Leyden District 212 Teachers question students on computer use

At the beginning of the 2012 school year, Leyden High School District 212 issued laptop computers to every one of its 3,400 students. An early innovator in what’s referred to as 1:1 computing, the district held a symposium in the summer of 2013 to share its experience with other school districts. From July 30 to Aug. 1, the district held a second symposium. This one attracted 400 teachers and administrator from ten states.

The last session of the 1:1 Symposium was a bit of a reversal with students sitting on the stage of the East Leyden auditorium and teachers in the audience. Teachers questioned students about their experience using laptops.

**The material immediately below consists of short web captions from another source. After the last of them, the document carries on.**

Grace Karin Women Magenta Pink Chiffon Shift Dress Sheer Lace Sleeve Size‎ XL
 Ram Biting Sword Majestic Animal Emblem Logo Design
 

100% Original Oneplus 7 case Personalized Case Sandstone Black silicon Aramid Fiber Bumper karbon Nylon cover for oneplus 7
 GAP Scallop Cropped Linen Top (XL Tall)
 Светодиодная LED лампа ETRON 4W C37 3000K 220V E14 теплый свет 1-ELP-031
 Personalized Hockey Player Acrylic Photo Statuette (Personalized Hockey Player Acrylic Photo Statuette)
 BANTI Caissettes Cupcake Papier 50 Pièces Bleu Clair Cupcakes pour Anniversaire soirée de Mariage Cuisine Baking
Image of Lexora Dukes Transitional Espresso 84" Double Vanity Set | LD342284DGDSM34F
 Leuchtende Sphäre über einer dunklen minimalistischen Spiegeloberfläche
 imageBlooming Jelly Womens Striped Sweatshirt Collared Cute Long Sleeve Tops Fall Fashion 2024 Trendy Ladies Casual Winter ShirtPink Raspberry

Questions were sent in electronically and read by Mikkel Storaasli, assistant superintendent of curriculum.

Q. What is one piece of advice you would offer for a teacher and for students?

Yaritza Velasquez: It can be hard to stay focused with a computer in front of you. You can focus on homework for 20 minutes, then give yourself five minutes of fun (games, chat, etc), then go back to work. For teachers, its having patience for students who are struggling to stay focused. We will get there eventually.

Alexis Garcia: For teachers, you don’t have to go all the way into it and you don’t have to ignore it. I know one teacher who never has us use laptops and some have us bring it every day. Different people have different ways.

Q. How do you think digital immersion will help you once you leave high school?

Alexis Garcia: It helps me to become a more independent learner. College, you’re going to be on your own a lot of the time, when teachers are not available to us.

Q. What did you find frustrating with 1:1 technology?

Victoria Baez: Some teachers who didn’t know how to incorporate laptops into the classroom.

Yaritza Velasquez: The system crashed. Once.

Q. I’ve heard some students misuse the technology. How do you see students misusing technology and what should teachers be doing?

Alexis Garcia: If you have a computer in front of you, you’re bound to be tempted to look for a game online, chat with friends. Leyden found more ways to keep tabs on students.

Ariana Cardenas: There were a lot of, particularly, boys in class who were playing games. They’d say they were taking notes. It was a lot of intense note taking.

Q. What’s the best project you’ve worked on since going 1:1?

Sweety Patel: In my consumer education class, we used this cool website. We got to choose a format like a newspaper style, with a newspaper font. We got to make a newspaper online and have pictures and captions.

Victoria Baez: English. We had to read a summer book, write a speech and read it to the classroom. I took the opportunity to make a slideshow. I felt so confident up there.

Alyssa Lisowski: AP Europe. We used Google Maps to do a virtual tour of the places we explored.

Q. How has learning changed since we went 1:1?

Alexis Garcia: It gives you a lot more ability to communicate with teachers. You can communicate with them 24/7.

Ronahy Alzagha: You don’t have the excuse that the dog ate my homework anymore when it’s on a computer. We have a whole world at our fingertips. Everything is a lot faster. Typing makes everything faster.